What I believe to be Riggins’ most redeeming quality eventually becomes his downfall for the rest of the series. After throwing away Lyla’s dream for him and drops out of college, he moves back to Dillon to find a new direction besides for football. When his brother Billy opens up a mechanic shop in the middle of Season Four, it seemed like things were turning up for the Riggins family. But it then becomes a secret (and illegal) chop shop, like the good brother that he was, Tim goes along with the scheme to help his brother make money for his future son, Stevie.
Tim despised the concept of breaking the law in this fashion — that much is obvious. But for his family, he was willing to destroy his hopes and dreams.
Eventually, their quick money scheme comes to light, with the police arriving at the garage with the intent of interrogating Tim about the chop shop. In that moment, Tim does the one thing that no one sees coming — he takes the fall for his family and helps Billy so that he can give his brother a stable life. Why does he decide to risk the opportunities he potentially could have? He realized that he could give something to his newborn nephew that he didn’t have.
“I had the opportunity to change something, to give something to Stevie we never had,” he tells Tyra Collette in the penultimate episode of the series. “I gave him his father.” For Riggins, it was more important to change the future for his family than it was to let his nephew experience the same heartbreak he experienced. He even tells Billy as he instructs his brother with the alibi: “You are all I have. You have a family now. You are a father and you need to be one.”
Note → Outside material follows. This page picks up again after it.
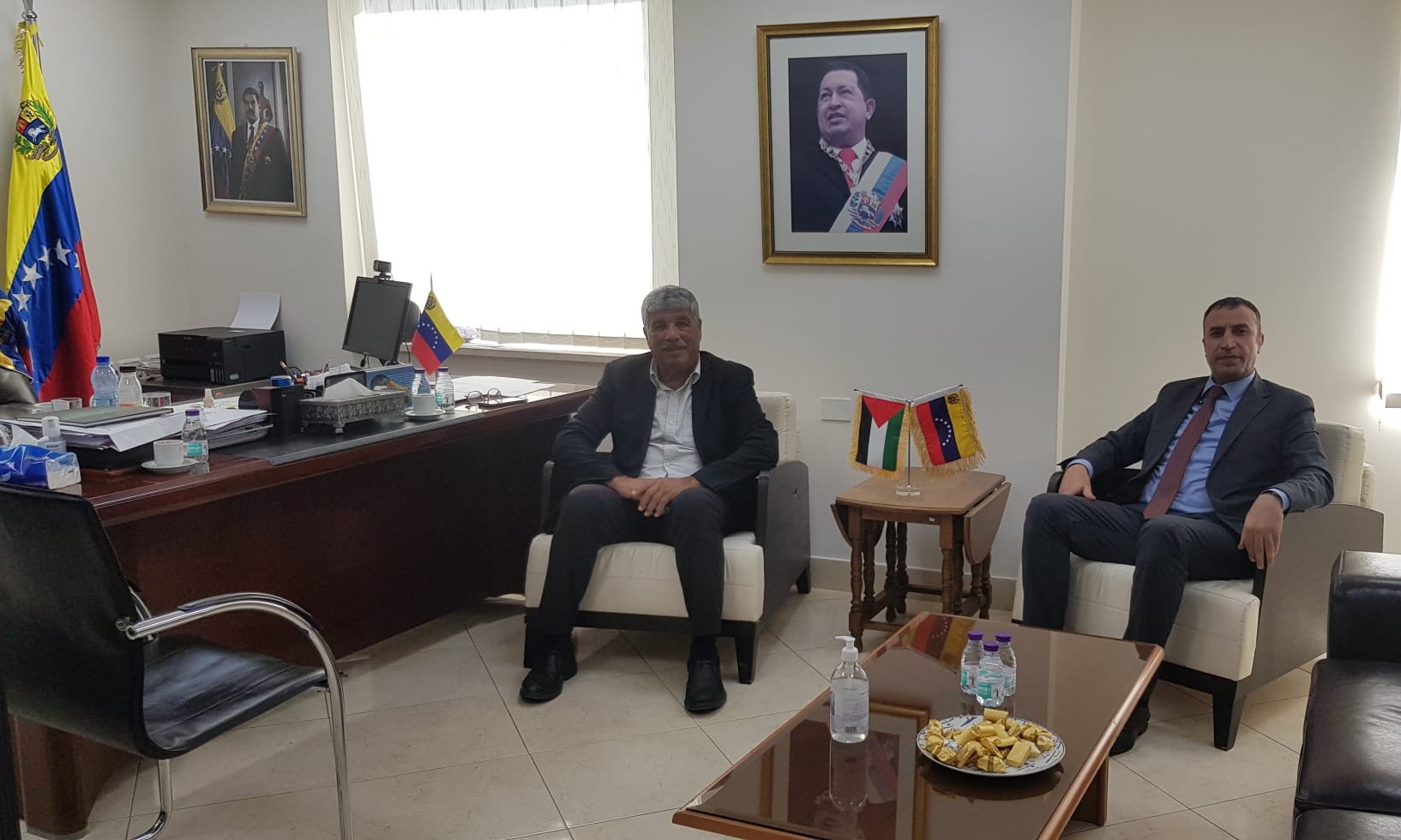 Embajador se reúne con miembro del Comité de Amistad del Parlamento Palestino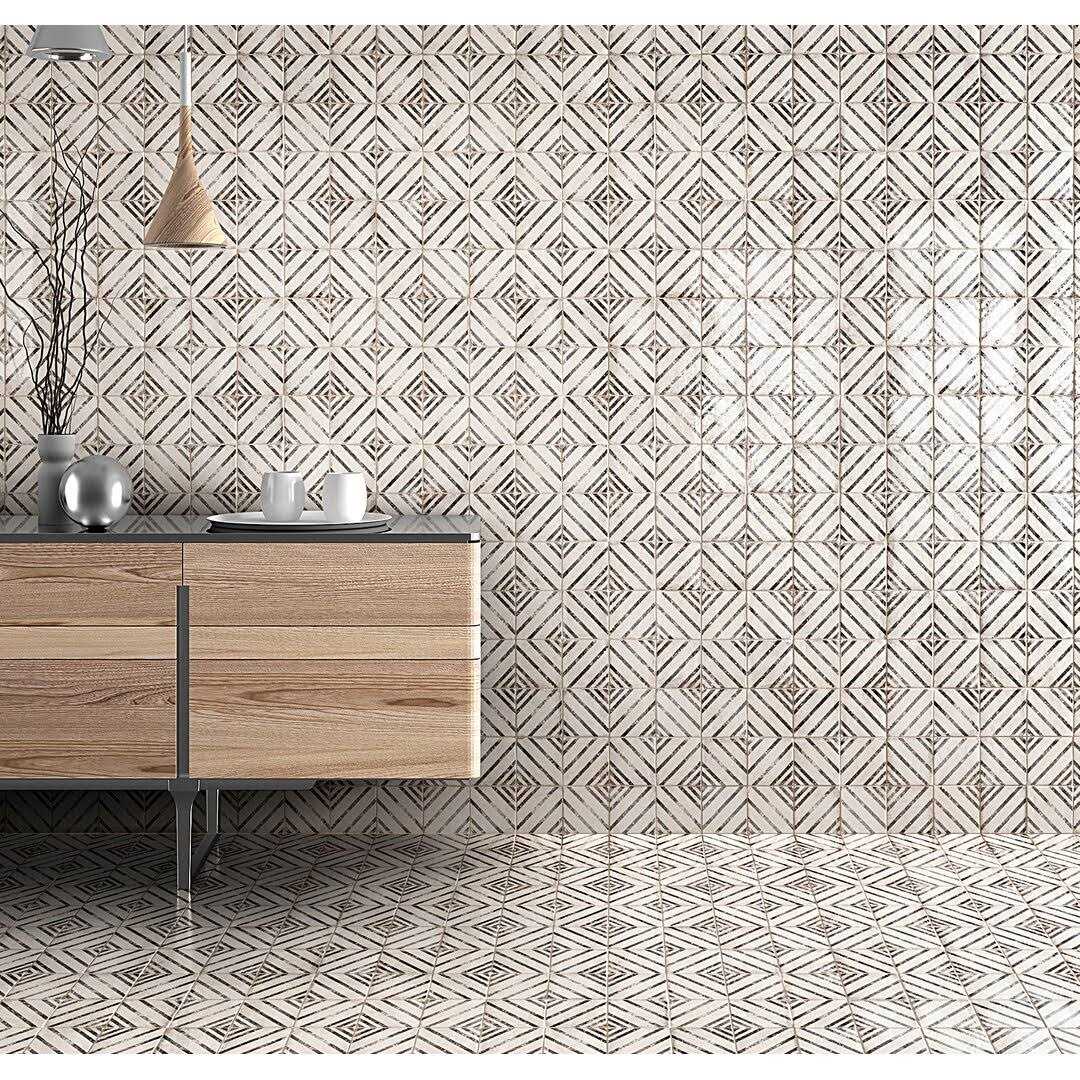 Bedrosians Vivace 4 inch x 4 inch Glossy Porcelain Motif Deco Tile in Rice - Cheap Fitting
It’s a heart-tugging scene to watch as an audience member, seeing Tim Riggins at the end of Season Four sit in a jail cell with his brother, breaking down in tears over actions that he never wanted to be involved in, taking full responsibility for his brother’s wrongdoings. He is willing to lie for Billy in a way that if I was put in that position, I wouldn’t even know where to start. It broke my heart that he saw no way out but to do this extremity for his family. But this proves my theory that he has a huge heart of gold and holds such loyalty to those he loves that he’s willing to risk his life for the sake of others. I was in full-blown tears by the end, when he willfully goes (in tears, mind you) to turn himself into the authorities and do what’s right by his family.
Riggins does eventually leave jail after a ten-month sentence “on good behavior” in the final season of Friday Night Lights, but there is a strikingly different person than encountered in previous years. His optimism is now tinged with a dark anger that runs through his stance. Despite this, he’s still the same Tim Riggins that I fell in love with in the first season. Buddy Garrity (Dillon’s favorite booster and ex Lyla’s father) says it perfectly in the tenth episode of the final season: “This young man has done a lot of things wrong. He is not a bad man… This kid here has got more heart than almost any person I know.”
So maybe his good heart might have been the one downfall in this scenario. But the best part about Tim Riggins? No matter where his life goes, there’s always going to be “Texas forever” left within him.